As environmental issues remain largely unaddressed, some governments are considering restrictions on forest-risk commodities. Growing concerns over the environment and climate change, along with international accords like the Paris Agreement, have led to tighter restrictions on agricultural commodities such as beef, soy and palm oil. In 2019, the European Parliament called on the EU to block beef that may be linked to deforestation in Brazil. As concerns over deforestation and fires grow, producers may face market access risks to important areas such as the EU.
In many countries, wildfires are insufficiently acknowledged as a key source of emissions, hobbling efforts to fight climate change and curb emissions. Integrated fire management is a critical element in curbing emissions more effectively, as banning fires is politically challenging and impossible without technical alternatives in place.

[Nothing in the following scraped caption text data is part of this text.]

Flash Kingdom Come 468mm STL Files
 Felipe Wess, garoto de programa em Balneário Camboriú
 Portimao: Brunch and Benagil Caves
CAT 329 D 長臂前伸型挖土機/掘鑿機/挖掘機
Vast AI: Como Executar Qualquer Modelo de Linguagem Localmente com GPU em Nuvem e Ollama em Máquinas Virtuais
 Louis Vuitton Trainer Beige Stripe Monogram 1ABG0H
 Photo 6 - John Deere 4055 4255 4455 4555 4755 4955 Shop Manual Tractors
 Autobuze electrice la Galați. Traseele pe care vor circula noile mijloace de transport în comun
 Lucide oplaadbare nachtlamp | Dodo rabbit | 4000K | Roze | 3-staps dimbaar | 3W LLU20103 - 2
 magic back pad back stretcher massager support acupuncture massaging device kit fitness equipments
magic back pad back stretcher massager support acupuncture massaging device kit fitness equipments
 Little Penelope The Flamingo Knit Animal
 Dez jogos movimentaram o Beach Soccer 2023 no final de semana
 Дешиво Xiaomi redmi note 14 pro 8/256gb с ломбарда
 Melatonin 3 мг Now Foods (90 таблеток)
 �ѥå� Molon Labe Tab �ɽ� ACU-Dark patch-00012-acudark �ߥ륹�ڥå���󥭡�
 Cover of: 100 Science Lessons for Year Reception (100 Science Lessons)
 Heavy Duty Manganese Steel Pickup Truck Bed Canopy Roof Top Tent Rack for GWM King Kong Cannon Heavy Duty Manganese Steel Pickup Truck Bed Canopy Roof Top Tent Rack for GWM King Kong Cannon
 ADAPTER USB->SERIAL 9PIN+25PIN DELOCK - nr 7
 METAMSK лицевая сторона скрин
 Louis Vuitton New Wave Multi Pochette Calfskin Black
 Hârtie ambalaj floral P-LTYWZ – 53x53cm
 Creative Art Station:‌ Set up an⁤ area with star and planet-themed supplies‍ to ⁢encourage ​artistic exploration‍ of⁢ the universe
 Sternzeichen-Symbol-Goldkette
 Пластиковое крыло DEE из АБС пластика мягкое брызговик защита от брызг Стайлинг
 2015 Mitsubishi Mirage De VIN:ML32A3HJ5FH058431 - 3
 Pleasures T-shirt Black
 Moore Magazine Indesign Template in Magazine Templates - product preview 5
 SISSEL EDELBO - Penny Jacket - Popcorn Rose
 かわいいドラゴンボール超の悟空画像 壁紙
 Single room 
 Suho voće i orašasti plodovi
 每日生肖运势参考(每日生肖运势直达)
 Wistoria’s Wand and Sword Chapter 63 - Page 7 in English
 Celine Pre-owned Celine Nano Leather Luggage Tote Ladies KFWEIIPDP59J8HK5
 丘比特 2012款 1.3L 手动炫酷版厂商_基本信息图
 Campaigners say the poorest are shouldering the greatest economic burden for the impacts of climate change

As some countries have proven, evidence-based policy development is key to controlling wildfires. Many countries do not fully appreciate the ecological, social, cultural or economic impact the fires are having, and the contributing factors and underlying causes of the fire problem. This requires making land users, such as smallholders and forestry companies, among others, more responsible for better control of fires by putting the right incentives and disincentives in place. The case of the recent, UNEP-supported Indonesian cluster system is a good example of how these resources can be combined to achieve the investment levels necessary to effectively manage fires at a lower cost. In the Amazon, fire policy reform should enable more effective wildfire control, as the experience in Tanzania shows, where early burning practices are introduced. This is a critical element of an effective REDD+ programme as part of each country’s Nationally Determined Contributions (NDCs). REDD+ is underway in southeastern Tanzania, introducing early burning practices to reduce the number and (heat) intensity of wild and late-season fires.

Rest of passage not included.